WORK TASK: With both ends included, repeat exactly the lines of the entries below from the one containing "Bicchiere di birra dorata con schiuma" down to the one containing "MZ945 FAUX LEATHER TRENCH JACKET", and no others.

Dataset records:
=======

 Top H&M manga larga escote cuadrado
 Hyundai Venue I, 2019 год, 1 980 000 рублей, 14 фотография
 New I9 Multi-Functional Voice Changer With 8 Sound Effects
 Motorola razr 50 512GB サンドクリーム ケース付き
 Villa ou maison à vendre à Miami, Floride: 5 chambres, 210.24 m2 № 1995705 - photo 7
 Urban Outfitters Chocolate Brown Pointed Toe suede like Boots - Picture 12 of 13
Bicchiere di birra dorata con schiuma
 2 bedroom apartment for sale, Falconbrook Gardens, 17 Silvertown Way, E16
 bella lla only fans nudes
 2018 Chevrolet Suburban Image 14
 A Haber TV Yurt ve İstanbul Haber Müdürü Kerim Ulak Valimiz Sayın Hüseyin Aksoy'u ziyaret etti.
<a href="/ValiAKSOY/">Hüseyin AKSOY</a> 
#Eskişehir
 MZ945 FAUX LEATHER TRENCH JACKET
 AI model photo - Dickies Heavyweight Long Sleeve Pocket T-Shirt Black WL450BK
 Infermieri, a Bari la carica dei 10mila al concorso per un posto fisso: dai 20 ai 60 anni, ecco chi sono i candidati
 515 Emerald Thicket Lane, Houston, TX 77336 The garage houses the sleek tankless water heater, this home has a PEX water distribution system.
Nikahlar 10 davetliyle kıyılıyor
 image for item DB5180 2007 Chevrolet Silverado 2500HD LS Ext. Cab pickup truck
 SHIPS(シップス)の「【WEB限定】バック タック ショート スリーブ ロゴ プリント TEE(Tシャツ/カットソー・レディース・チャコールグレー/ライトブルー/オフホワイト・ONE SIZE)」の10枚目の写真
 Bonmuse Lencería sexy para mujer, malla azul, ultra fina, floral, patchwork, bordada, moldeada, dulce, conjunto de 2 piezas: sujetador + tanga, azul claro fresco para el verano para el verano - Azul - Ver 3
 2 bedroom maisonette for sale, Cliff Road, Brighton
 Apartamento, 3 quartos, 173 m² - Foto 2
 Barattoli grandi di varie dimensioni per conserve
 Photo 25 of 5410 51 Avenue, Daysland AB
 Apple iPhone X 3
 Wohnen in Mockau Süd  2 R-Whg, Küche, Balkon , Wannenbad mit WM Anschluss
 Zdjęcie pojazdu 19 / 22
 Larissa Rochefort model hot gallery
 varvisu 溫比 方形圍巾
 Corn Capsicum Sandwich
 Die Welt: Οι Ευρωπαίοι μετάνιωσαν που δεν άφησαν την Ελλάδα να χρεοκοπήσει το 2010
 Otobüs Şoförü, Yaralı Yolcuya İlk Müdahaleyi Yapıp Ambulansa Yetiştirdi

=======

ANSWER BOX:
Bicchiere di birra dorata con schiuma
 2 bedroom apartment for sale, Falconbrook Gardens, 17 Silvertown Way, E16
 bella lla only fans nudes
 2018 Chevrolet Suburban Image 14
 A Haber TV Yurt ve İstanbul Haber Müdürü Kerim Ulak Valimiz Sayın Hüseyin Aksoy'u ziyaret etti.
<a href="/ValiAKSOY/">Hüseyin AKSOY</a> 
#Eskişehir
 MZ945 FAUX LEATHER TRENCH JACKET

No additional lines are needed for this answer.